New pay rules from April
Plan for living wage or risk ‘naming and shaming’
Law firm MacRoberts has warned businesses to prepare for the introduction of the national living wage, or face being “named and shamed” by the UK government.
They have also been warned to keep better records and prepare for higher expenditure.
From April 2016 all employers will be required to pay staff over the age of 25 a minimum of £7.20 an hour, increasing to £9 per hour by 2020.
It will add £910 a year to the pay of people working full time at current national minimum wage. The implementation of the NLW could potentially affect all employers, particularly those in small businesses and those who have staff working in lower income roles in hospitality, retail and social care.
Complex rules exist about what pay and benefits are included when calculating NMW or NLW. For example, salary, bonuses and incentive payments are included, but the use of a company vehicle, provision of uniform, expenses and tips are not.

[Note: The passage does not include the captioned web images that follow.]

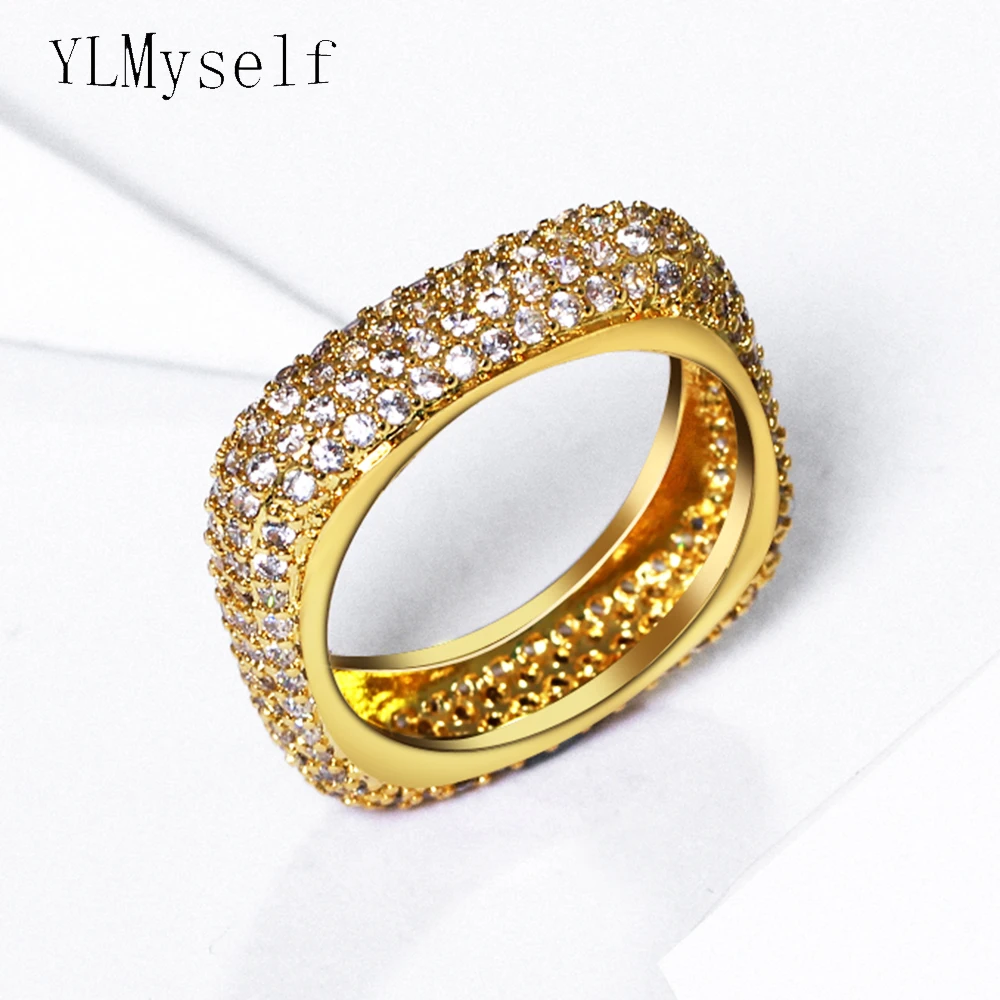 square finger ring
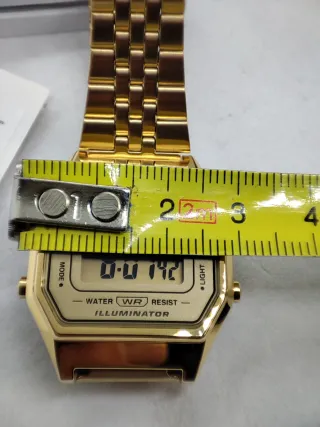 Reloj Casio LA680WEGA 9er Dorado Mujer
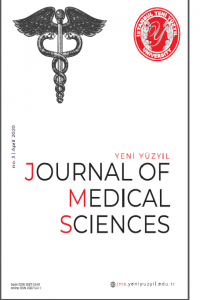 Yeni Yüzyıl Journal of Medical Sciences-Cover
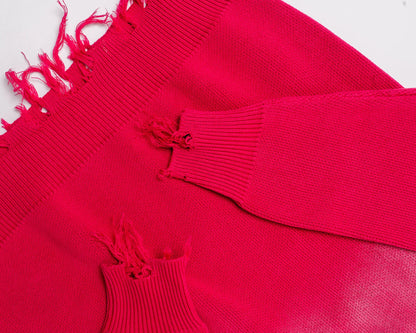 FURMO - Distressed Sweater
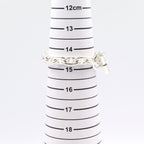 Hermes Bracelet Chaine D'ancre MM 14 Links 14.5 cm 925 Sterling Silver — view 6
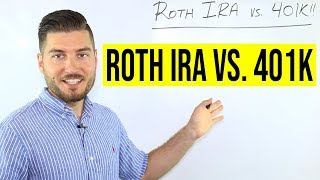 Roth IRA vs 401k 2021 [upl. by Eliathan]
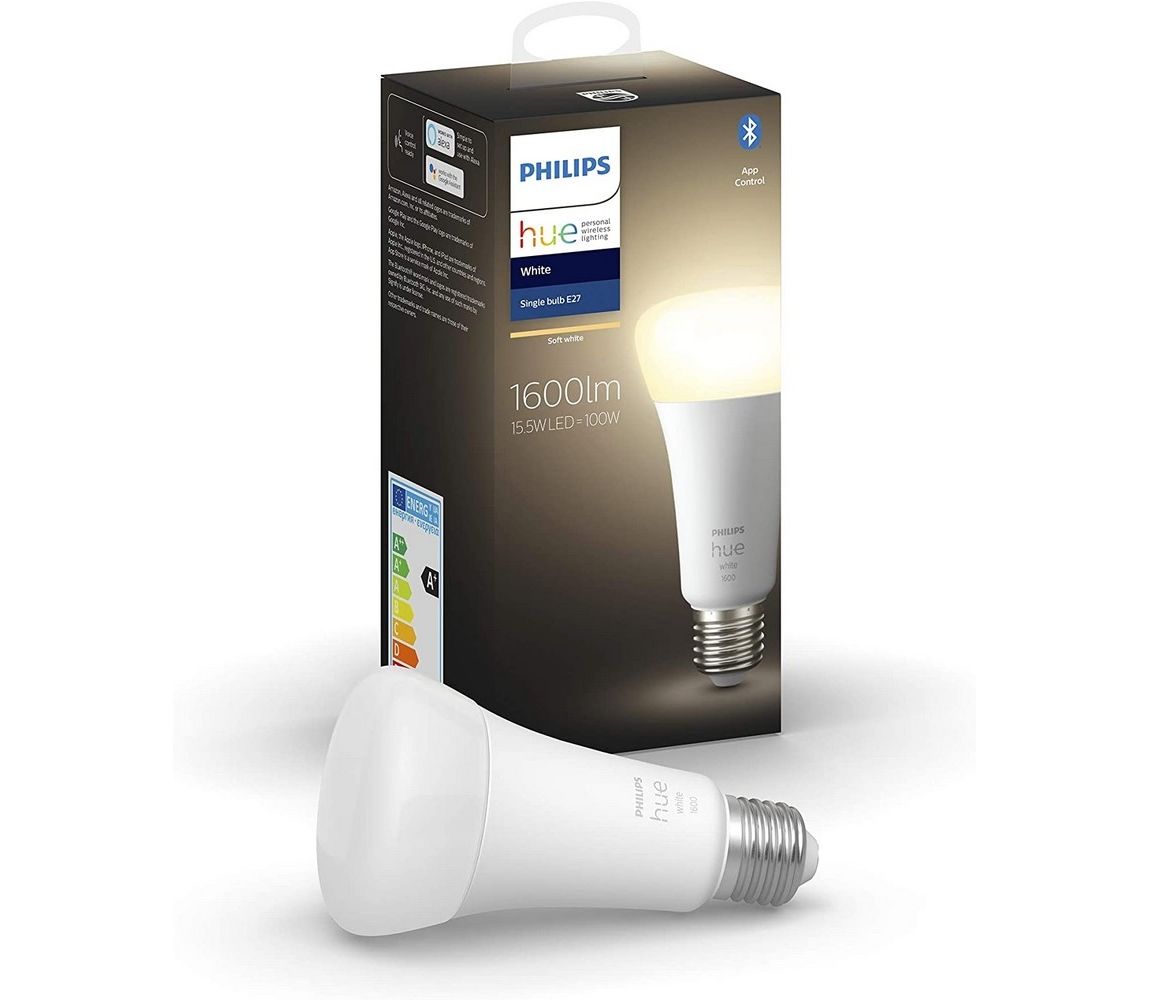 Philips LED Žiarovka Philips Hue WHITE E67 E27/15,5W/230V 2700K  - Svet-svietidiel.sk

The onus will be on employers to show they have paid staff the NMW or the NLW, therefore even small businesses will be expected to keep detailed records that comply with the new laws.
Katy Wedderburn (pictured), partner at MacRoberts and specialist in employment law, said: “Many small companies might not realise that the changes in the law will affect them.
“They may have to revise their processes so they have sufficiently detailed records and information available for inspection. Companies have also been ‘named and shamed’ in the past for failing to comply with minimum wage regulations following the introduction of a naming regime in 2013.
“The UK government can make companies pay back wage arrears and fine up to £20,000. In the most serious of cases, employers could even be prosecuted.
“The government has been consulting about further penalties for non-payment of the NMW and the NLW. These include increasing arrears payments two fold and disqualification from being a company director for up to 15 years.”
Ms Wedderburn added: “Employers have to plan now. They must review their payroll so they are ready to introduce the changes. Business owners should prepare now, as there could be a major impact on their profits. In the worst case, some redundancies or reorganisation may be needed to cover the costs of the new national living wage.”